Under an Agreement, dated July 30, 1984, as amended, between
the Company and Gordon Zacks (the "1984 Agreement"), the Company
issued to Mr. Zacks 300,000 "restricted" common shares (the
"Shares") (adjusted to 400,000 Shares as a result of the 4-for-3
share split distributed on June 22, 1994 to shareholders of record
on June 1, 1994). On March 1, 1995, restrictions lapsed with
respect to the remaining 40,000 Shares subject to restriction. The
Company was obligated to purchase (so long as such repurchase did
not violate any existing loan agreement and was permitted by law)
from Mr. Zacks, at his request, up to 50% of the Shares with
respect to which restrictions had lapsed. On March 1, 1995,
Mr. Zacks exercised his right to require the Company to purchase
20,000 of the Shares with respect to which the final restrictions
had lapsed at a price of $12.00 per share, the closing price of the
Company's common shares on March 1, 1995.
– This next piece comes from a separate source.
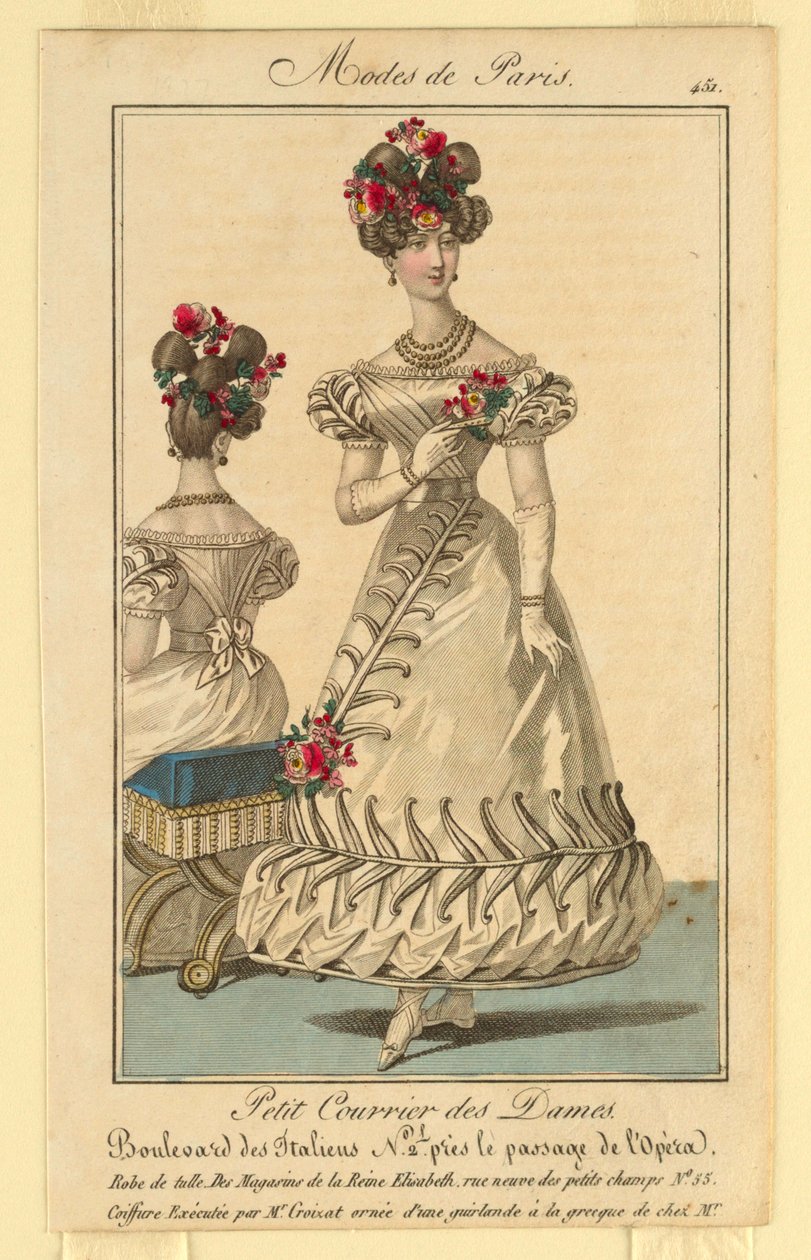 Planche de mode pour femme - Unknown artist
Under an Agreement dated September 27, 1989, as amended, the
Company agreed, upon the death of Mr. Zacks, to purchase from the
estate of Mr. Zacks, at the estate's election, up to $4 million
of the common shares of the Company held by Mr. Zacks at the time
of his death. The common shares would be purchased at their fair
market value at the time the estate of Gordon Zacks exercises its
put right. The estate's put right would expire after the second
anniversary of the death of Mr. Zacks. The Company agreed to fund
its potential obligation to purchase such common shares by
purchasing and maintaining during Mr. Zacks' lifetime one or more
policies of life insurance on the life of Mr. Zacks. In addition,
Mr. Zacks agreed that, for a period of 24 months following his
death, the Company will have a right of first refusal to purchase
any common shares of the Company owned by Mr. Zacks at his death
if his estate elects to sell such common shares. The Company would
have the right to purchase such common shares on the same terms and
conditions as the estate proposes to sell such common shares.
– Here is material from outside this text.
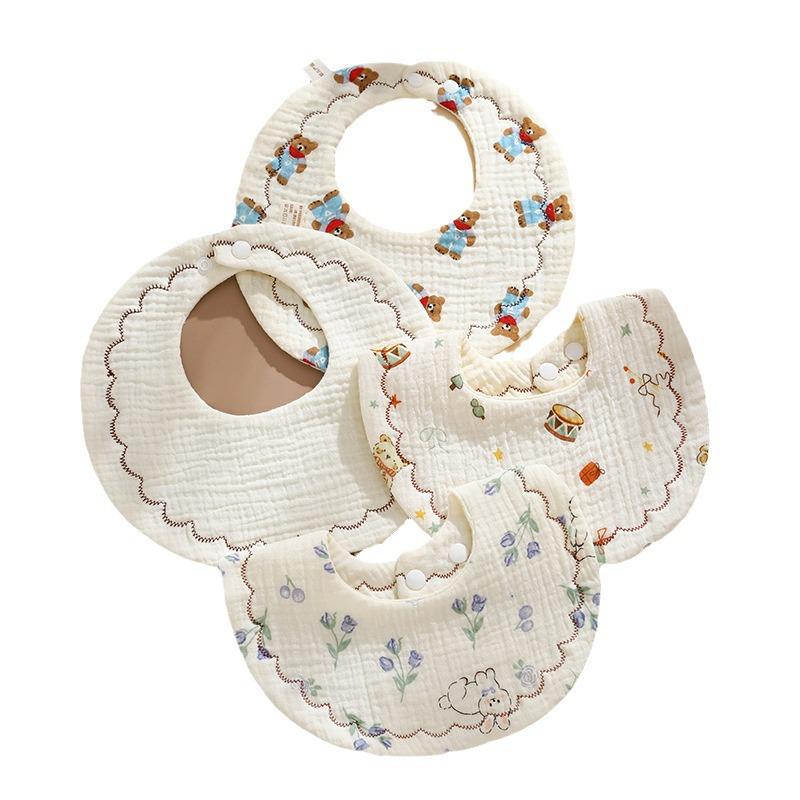 Pure Cotton Baby Bib: Six-Layer Soft Gauze, Cute and Comfortable for Infants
Christian Galvis, the Executive Vice President - Operations
of the Company, and the Company entered into an Employment
Agreement, dated July 1, 1994 (the "Galvis Employment Agreement"),
which provides for the employment of Mr. Galvis by the Company as
its Executive Vice President-Operations for a term of three years.
Mr. Galvis is entitled to receive a minimum annual salary of
$190,000, subject to increases that from time to time may be
granted by the Board of Directors. In addition to his annual
salary, Mr. Galvis is entitled to participate in the Company's
Incentive Program and to receive certain health and life insurance
coverages, pension and retirement benefits and other benefits and
perquisites. If Mr. Galvis' employment is terminated by the
Company without "cause" (as defined in the Galvis Employment
Agreement) or by Mr. Galvis for "good reason" (as defined in the
Galvis Employment Agreement), he will be entitled to receive a
severance payment equal to the total compensation (including bonus)
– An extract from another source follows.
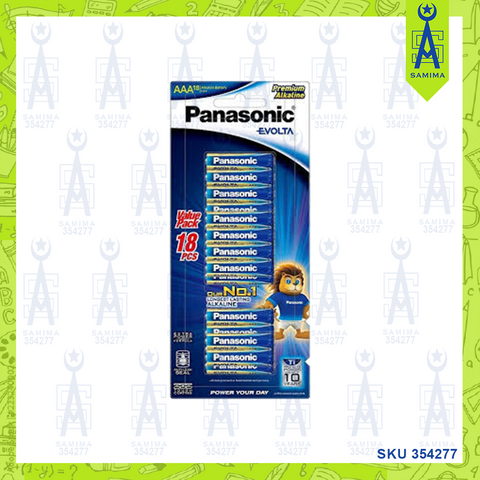 PANASONIC AAA  EVOLTA BATTERY 12 + 6PCS / CARD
paid to or accrued for the benefit of Mr. Galvis by the Company for
services rendered during the 12-month period immediately preceding
the date of termination. The Galvis Employment Agreement also
provides for the continuation of Mr. Galvis' salary for a period
of time following a permanent and total disability.
Richard L. Burrell, the Senior Vice President - Finance,
Treasurer and Secretary of the Company, and Daniel D. Viren, the
Senior Vice President - Administration of the Company, each entered
into an Agreement, dated July 1, 1994 (the "Severance Agreement"),
which provides that if the named executive officer's employment is
terminated by the Company without "cause" (as defined in the
Severance Agreement) or by the named executive officer for "good
reason" (as defined in the Severance Agreement) within 36 months
following a "change in control" (as defined in the Severance
Agreement), he will be entitled to receive a severance payment
equal to the greater of (1) the total compensation (including
bonus) paid to or accrued for the benefit of the named executive
officer by the Company for services rendered during the calendar
year ending prior to the date on which the "change in control"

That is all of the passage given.